There is murder; there is rioting; there is terrorism. Life is fading, and so it is discarded.
Except that there is now a pregnant woman, and she needs to
be protected.
What is wonderful about this story is that it teaches us of
the value of life by teaching us of the terrors of death. When death grasps a people, the result is
ugly and strained. It is dark and
hopeless, and that hopelessness has weighed society down so that everyone feels
it.
It is so close to where we’re at that it’s difficult to
watch.
For the people in the movie, it’s been so long like that,
that they’ve forgotten what hope is like.
There’s a powerful scene in a movie, a battle scene between a bunch of
prisoners and an army, and the characters go by with the newly born baby. And it stops.
The fighting stops. It starts up
again, don’t get me wrong— this child hasn’t solved all the problems in the
world – but for that moment, there is a flash of remembrance, of the way it
used to be when there was hope.
We’re getting to that place faster than we care to admit. We’ve been killing ourselves so long that we
don’t even know how to deal with life anymore.

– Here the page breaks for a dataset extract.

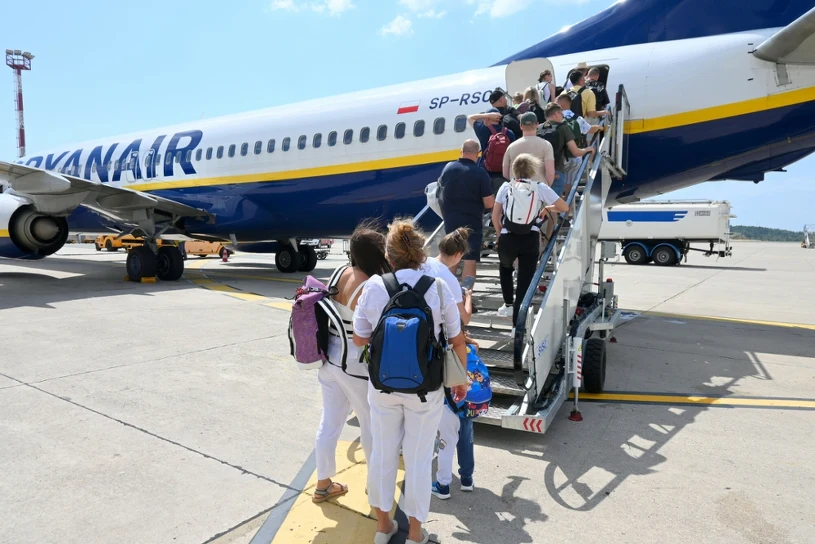 Ryanair charged passenger 260 PLN over backpack straps sticking out — lawyer weighs in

And what this movie does is to show us ourselves, how calloused we have
become, and then renews hope.
Which is a weird thing to say about a film as depressing as
this one is. It’s not easy to
watch. It’s not a movie that you would,
even if you agree with me that it is a brilliant work of art, watch on any sort
of regular basis. It’s the sort of movie
that you need to mull over for a while, and maybe you’re not the best company while
you are doing so.
(And I say that from experience, when we perhaps foolishly
decided to play the movie for some friends of ours, and having a lively
discussion about silly things was difficult to do afterward.)

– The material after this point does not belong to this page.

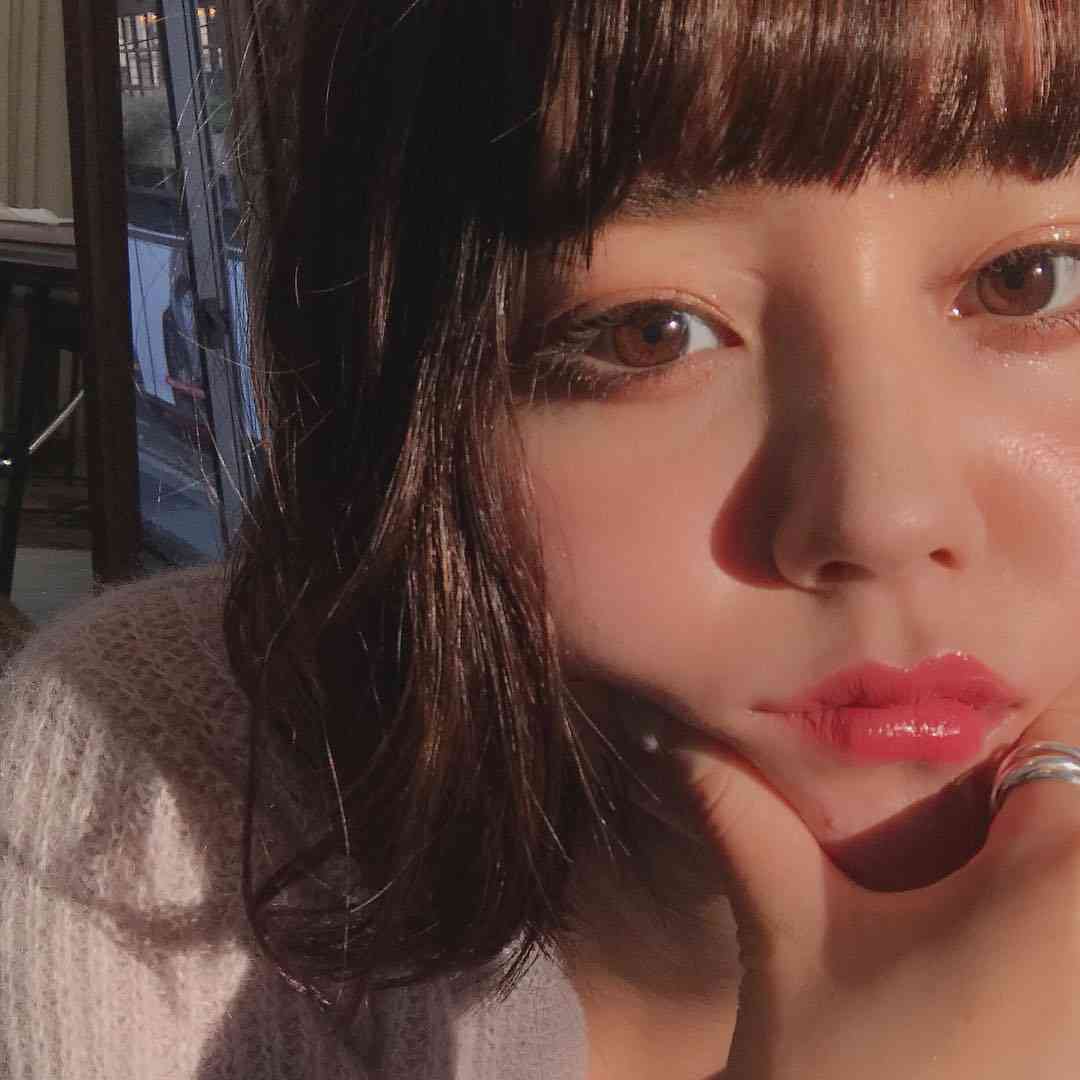 NANAMIさんはInstagramを利用しています:「make をちょっと変えた? ファンデ @maccosmeticsjapan STUDIO PERFECT FOUNDATION 程よいマット感がめちゃいい . シャドー @narsissist  PATTAYA オレンジシャドーは定番のだいすき色！ラメ感も大きくて好き！ .…」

But all that being said, when you look closely at where we
are as a society, it’s depressing. It’s
seriously depressing. But did you see
hope there too? As a Christian, we know
from where that hope comes. Oddly
enough, it comes from a particular birth of a Child as well. Well, it is almost like that was
intentional. (It was.)
To quote the novelist, P. D. James, directly, she tells us:
When I began The Children of Men, I didn’t set out to write a Christian book. I set out to deal with the idea I had. What would happen to society with the end of the human race? At the end of it, I realized I had written a Christian fable. It was quite a traumatic book to write.1
I confess that I have not read the novel. I can say that the film is traumatic to
watch. But it’s the sort of trauma we
need more of, because it focuses us, it guides us, to speaks to us of who we
are. We need more of that, and it’s
great art.
Not having read the book, I am told that some of the
Christian imagery is taken out for the film version. It’s undoubtedly Christian anyway, I think,
despite its R rating, and I would much rather point to something like this as a
good film for Christians to watch than some of the other garbage we review on
this blog.
The light we see in so many Christian films is so contrived,
so desperately written. In the darkness
in which we now live, this film shines a light that speaks to us.